The spike displays the nation’s racial divide and reflects issues of accessibility when it comes to disseminating the COVID-19 vaccine. The Post’s tracker reported that 44.5% of the city’s population has received the vaccine. For about 70 percent of vaccinations with racial data, the city estimates about 19.8 percent of Black residents are fully vaccinated compared to 28.8 percent of white residents.

“There’s a disparity in who’s getting vaccinated,” Neil Sehgal, an assistant professor of health policy at the University of Maryland, said to the Post. “And if those cases that we’re seeing are concentrated among unvaccinated people, and fewer Black residents of D.C. are getting vaccinated, it seems to reason that our Black neighbors are at a greater risk of contracting covid today than at any point in recent memory.”

According to Sehgal, barriers that may be keeping people from getting vaccinated include limited transportation, difficulties getting time off work to get the vaccine, and complicated sign-up systems.

– Steven Vargas

COVID-19 antibodies remain 10 months after infection, study says

A majority of people infected by COVID-19 still have antibodies against the virus 10 months later, according to a new study by Labcorp, a life sciences company that specializes in diagnostics and drug development.

Nearly 87% of confirmed positive individuals analyzed by the study saw extended antibody retention, according to the study published Monday. Labcorp took samples from 39,086 patients, making the study the largest real-world COVID study since the start of the pandemic. 

The overall results spell good news not just for infected individuals, but potentially for vaccinated people, said Dr. Brian Caveney, Labcorp Diagnostics chief medical officer and president.

“More research must be done to understand what type and level of antibodies suggest protection from reinfection,” Caveney said. “But the prolonged presence of certain antibodies is a promising sign as we continue thinking about safely emerging from the pandemic, as well as future vaccinations and the timing of booster shots.”

Puerto Rico lifts curfew, opens up to vaccinated visitors

One more encouraging sign about the pandemic for Americans: Puerto Rico, a popular travel destination that was the first U.S. state or territory to go into lockdown, has lifted its nightly curfew.

The island has seen a 58% decline in new infections over the last two weeks after enduring a dramatic spike in April. Besides ending the nightly curfew after more than a year, Puerto Rico will now allow admittance to vaccinated visitors without a negative coronavirus test result. Business capacity will also increase to 50%.

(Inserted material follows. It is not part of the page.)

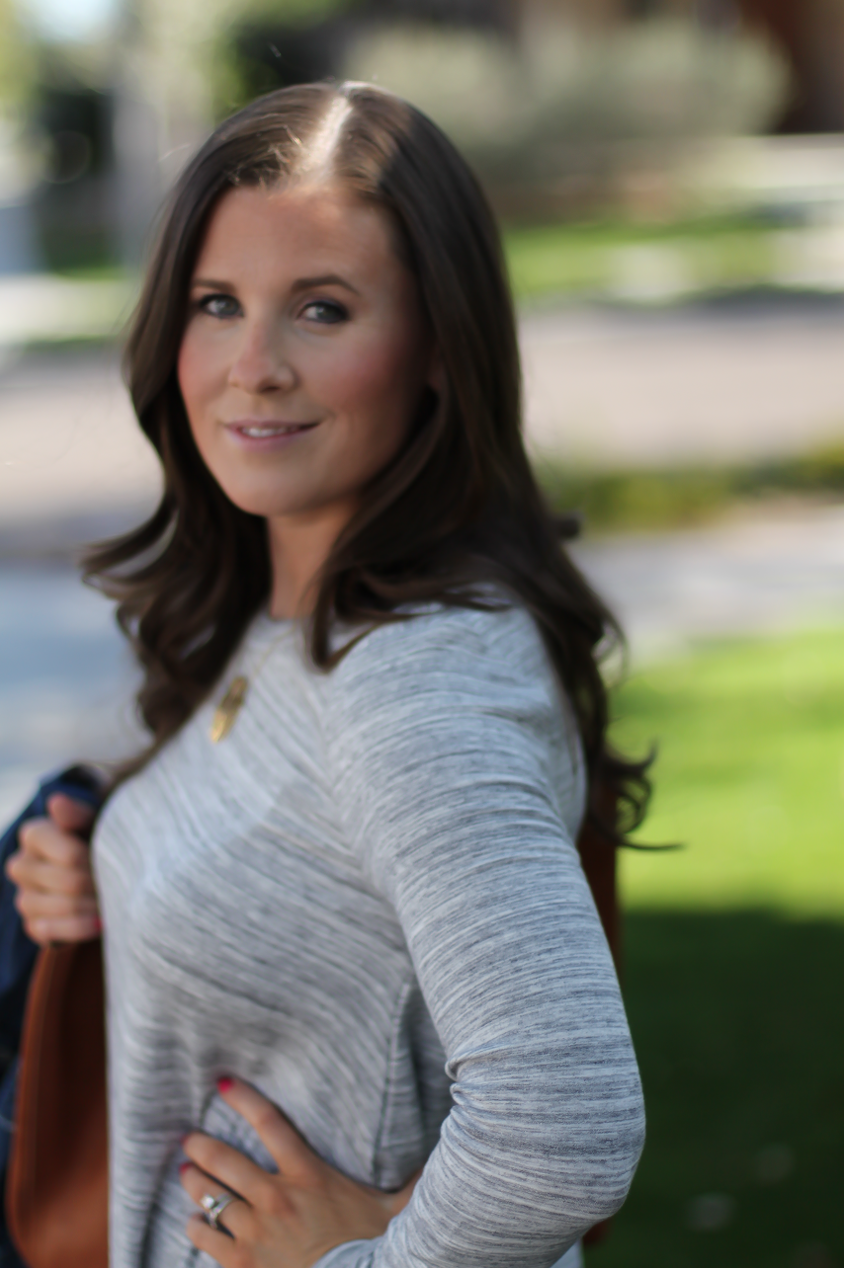 Heathered Grey Knit Swing Dress, Denim Jacket, Tan Leather Sandals, Tan Leather Tote, Loft, Lou and Grey, Banana Republic, Madewell, Tory Burch 13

Unvaccinated visitors to the U.S. commonwealth, where tourism is rising amid pent-up demand for travel, will still be required to present a negative coronavirus test or promise to offer a test result within 48 hours. Those who don’t comply could face a $300 fine.

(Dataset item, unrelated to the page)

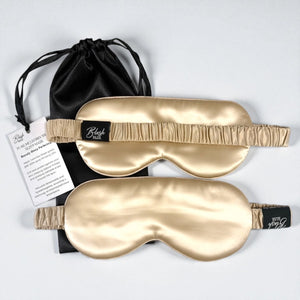 Luxury champagne pure mulberry silk padded sleep mask by Blush Silks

Puerto Rico had been under some form of nightly curfew — at least from midnight until 5 a.m. — since March 15, 2020, when its first coronavirus case was reported. But daily cases have plummeted from a weekly average of more than 1,000 at the height of the April surge to about 150.

According to CDC data, 40% of Puerto Rican adults are fully vaccinated and 56% have received at least one dose.